In Figure 8, Figure 8(a) is the input image, Figure 8(b) is the segmentation error diagram of BiseNetV1, Figure 8(c) is the segmentation error diagram of BiseNetV2, and Figure 8(d) is the segmentation error diagram of the algorithm in this paper. The white part represents the correct classification, and the black part represents the wrong classification. By comparing the proportion of the black and white area in the red box and the input image, it can be seen that after adding the module proposed in this paper, the target shape is obviously clearer, and the boundary is smoother, and a finer segmentation result is obtained. In addition, the evaluation of the proposed algorithm on the CamVid dataset achieves 78.4% mIoU, which is 1.7% higher than BiseNetV2.
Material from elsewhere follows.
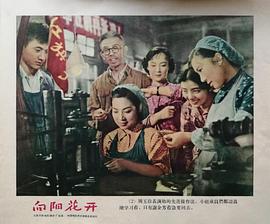 王丹凤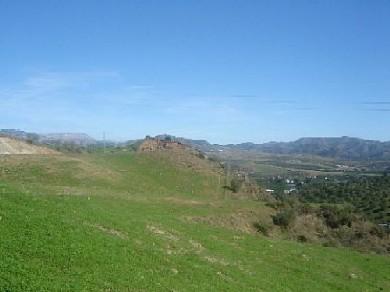 Terreno se vende en Alora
The experimental results show that the proposed algorithm can effectively compensate the spatial information loss of features, further refine the edge of features, and enhance the recognition ability of long and large objects. At the same time, the feature context representation ability is improved, the loss of small target information is reduced, and more precise segmentation results are obtained, which has good semantic segmentation performance.

4. Conclusion

Aiming at the shortcomings of current semantic segmentation algorithms, this paper proposes a lightweight multi-branch network for real-time semantic segmentation. Firstly, the algorithm obtains irregular features and more edge information through auxiliary branches, so as to strengthen the recognition ability of long and large targets. At the same time, in order to improve the segmentation accuracy and avoid the decrease of model inference speed, the algorithm uses asymmetric convolution to design auxiliary branches to save inference time. Secondly, the alignment and fusion module is designed to guide and fuse the feature maps of multiple branches, so as to alleviate the feature misalignment in the fusion of multi-branch networks and improve the recovery ability of small target details. Finally, in order to consider the importance of global information, a global context module is designed in the last stage of the semantic branch. These structures are tightly coupled and jointly optimized to ensure the algorithm has excellent performance in semantic segmentation. Experiments on the Cityscapes and CamVid datasets demonstrate that the proposed algorithm is between segmentation accuracy and inference speed.A good balance is achieved, and its semantic segmentation performance is significantly improved. In the following work, we will further analyze the algorithm and improve the semantic branches to improve the accuracy of the model.